Zhenxing, hello.
I am glad you are confirming the set of issues the big represents as
well for a good finding on a documentation artifact.
Getting straight to the point:
> To sum up, things we may need to do:
> 1) Let the 5.1 ignore the INSERT_ID value as 5.0 does when it is
> replicating from 5.0 masters that have this problem
> 2) Make 5.0 follow the document when using SP, do not write the
> INSERT_ID value
> 3) Make 5.0 behave the same as 5.1 on this issue
>
> item 1) is necessay for upgrade purpose, and is fixed by this patch.
agreed. But remember to fix the minor version we talked about.
>
> Items 2) and 3) are exclusive, only one should be chosen, I would prefer
> 2), because it's simple, can be fixed in an hour.
agreed
>
> Item 3) would takes weeks to fix and can bring new problems if not
> properly implemented, and I think we should not introduce new features
> to or change behave of this version.
hard to disagree.
cheers,
Andrei
> Hi Andrei
>
> Thank you for your scrutiny and discussion over skype, it helped me to
> clarify some vague points of the problem. And here is my latest
> understanding of this problem after more investigation.
>
> For 5.0 masters, when a statement invokes a trigger/function that INSERT
> into an AUTO_INCREMENT column, the generated AUTO_INCREMENT value is not
> logged in the binary log, at the same time, when executing such a
> statement, the INSERT_ID values associated with the statement is ignored
> by the trigger/function invoked by the statement. This is documented in:
>
> http://dev.mysql.com/doc/refman/5.0/en/replication-features-autoincid.html
>
>
> For 5.1, this was fixed, the master will write the AUTO_INCREMENT value
> and the slave will use the value in this case.
>
> http://dev.mysql.com/doc/refman/5.1/en/replication-features-autoincid.html
>
> (NOTE: the document says that for triggers, the AUTO_INCREMENT value is
> not written into binary log, but this is not correct, the AUTO_INCREMENT
> value is written for both functions and triggers.

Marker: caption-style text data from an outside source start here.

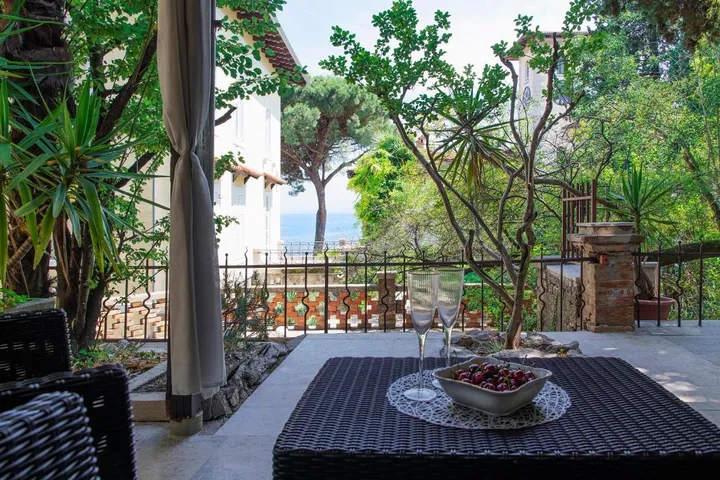 Apartamento de vacaciones para 4 personas, con vistas y jardín - 1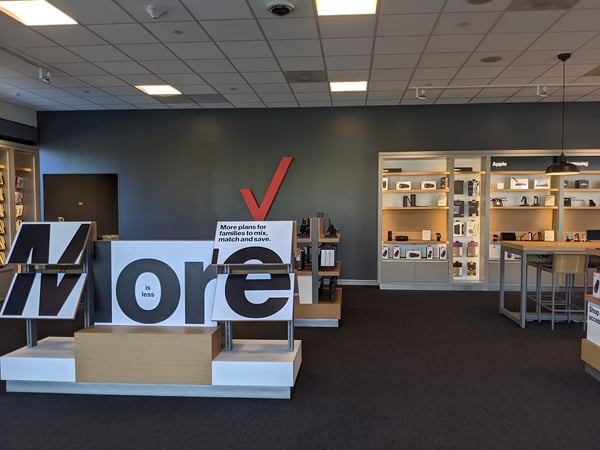 Verizon Wireless - Verizon FiOS Retail Store at Jordan's Furniture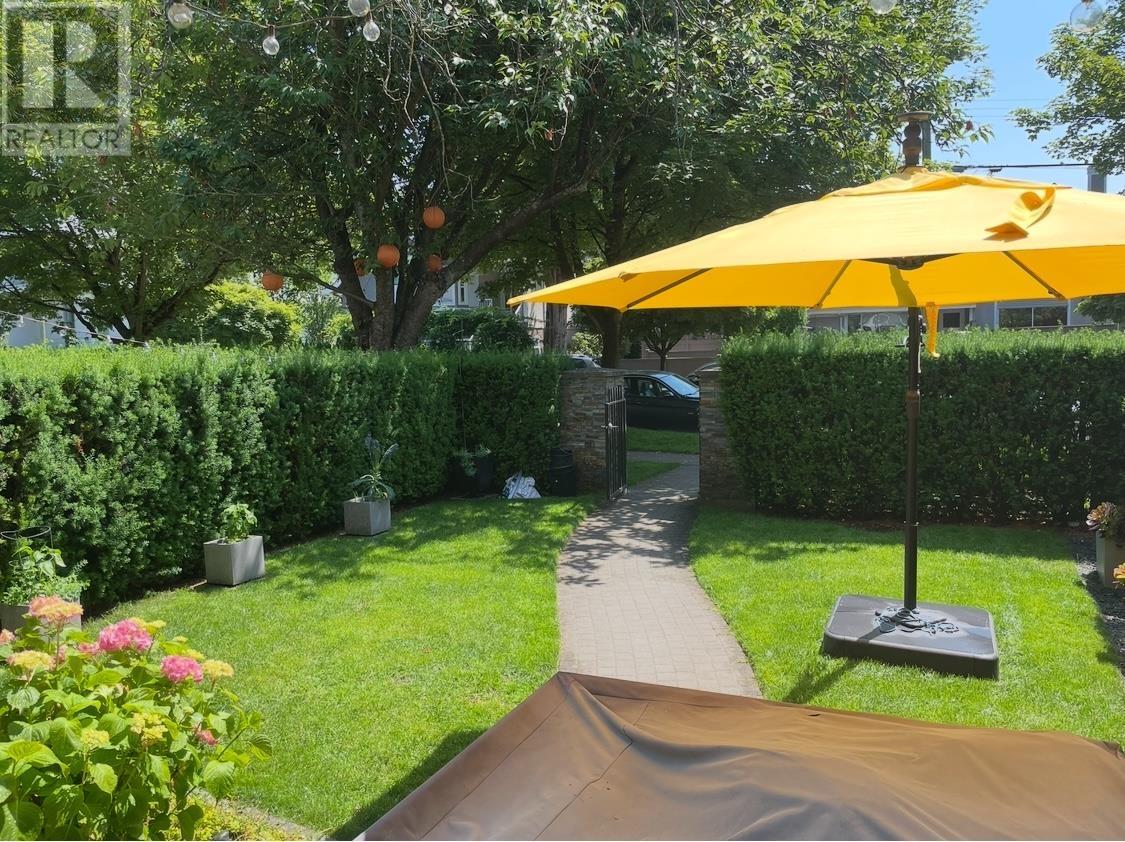 Listing Picture 33 of 39 : 171 E 17TH AVENUE, Vancouver / 溫哥華 - 魯藝地產 Yvonne Lu Group - MLS Medallion Club Member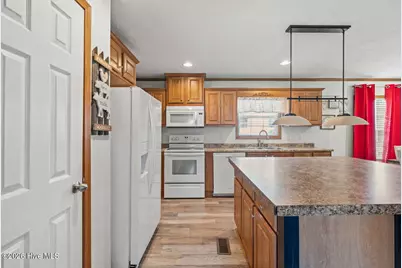 1856 Oxpen Road SW, Supply, NC 28462 - Photo 5
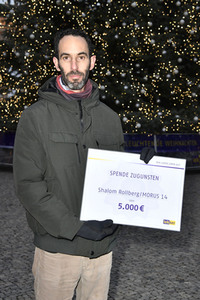 Einschalten der Weihnachtsbaumbeleuchtung am Brandenburger Tor in Berlin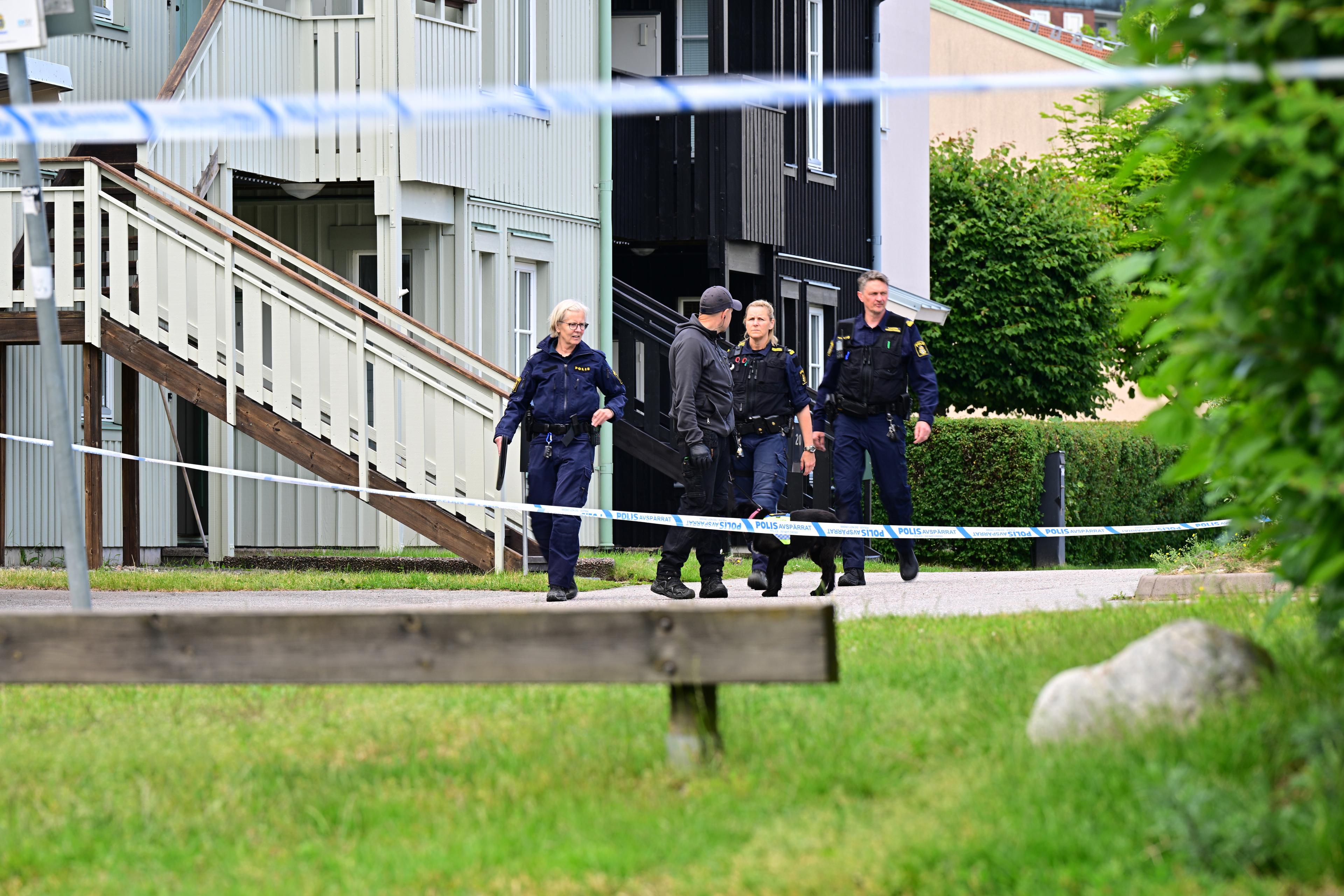 Skottlossningen ägde rum mot en bostad i Västergård i Södertälje. Foto: Magnus Lejhall/TT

I will report a bug on
> this once convinced.)
>
> However, for 5.0 masters, when executing such a statement within a SP,
> an Intvar event *IS* written into the binary log, with a wrong value.

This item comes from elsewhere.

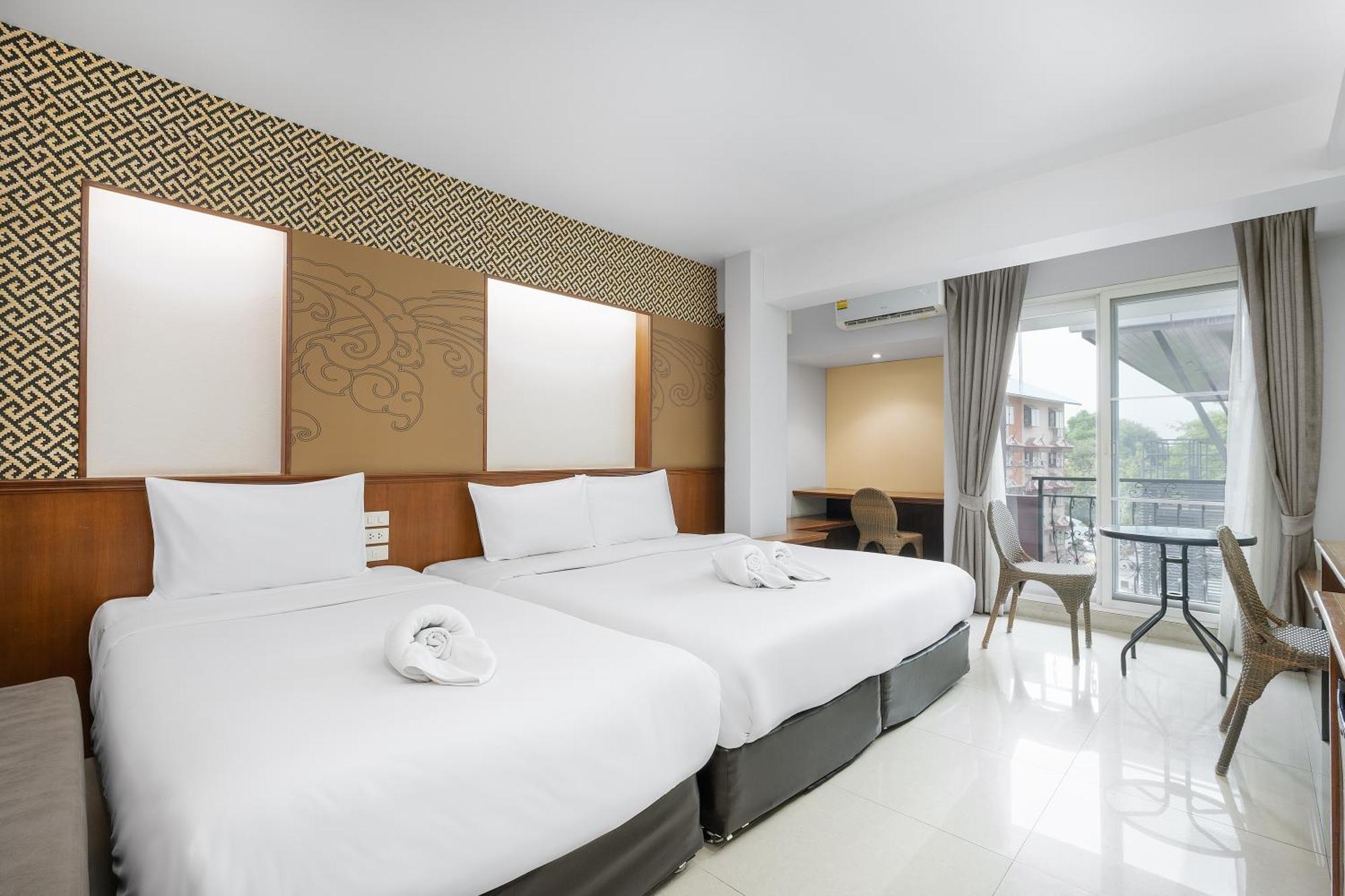 Hotel Cozytel Chiangmai Chiang Mai Exterior foto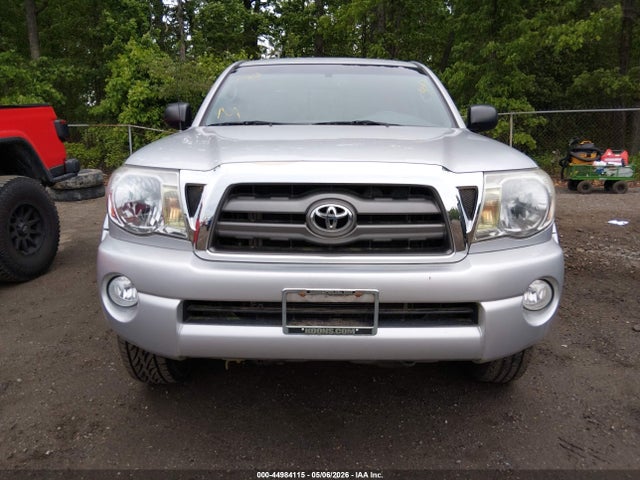 Toyota Tacoma Base V6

> According the document there should not happen. This does not cause any
> problem when replicating to 5.0 slaves because the wrong AUTO_INCREMENT
> value is not used for trigger/function when 5.0 slaves executing such a
> statement. But this causes problem when replicating to a 5.1 slave,
> which uses the AUTO_INCREMENT value for trigger/function invoked with
> the statement.
>
> Let's use an example to make it clearer, first, the definitions of
> tables t1, t2 and trigger tr1:
>
> CREATE TABLE t1 (id INT AUTO_INCREMENT PRIMARY KEY);
> CREATE TABLE t2 (id INT AUTO_INCREMENT PRIMARY KEY);
> DELIMITEDELIMITER //;R //;
> CREATE TRIGGER tr1 BEFORE DELETE
> ON t1 FOR EACH ROW
> BEGIN
> INSERT INTO t2 VALUES(NULL);
> END//
> DELIMITER ;//
>
> and now we run the following statements:
>
> INSERT INTO t1 VALUES(NULL);
> INSERT INTO t1 VALUES(NULL);
> DELETE FROM t1 WHERE id=1;
>
> If we run the above statements on 5.0 master, the last DELETE statement
> will not have a SET INSERT_ID associated with it, which is correct
> according to the document.
>
> INSERT_ID=1
> use `test`; insert into t1 values (NULL)
> INSERT_ID=2
> use `test`; insert into t1 values (NULL)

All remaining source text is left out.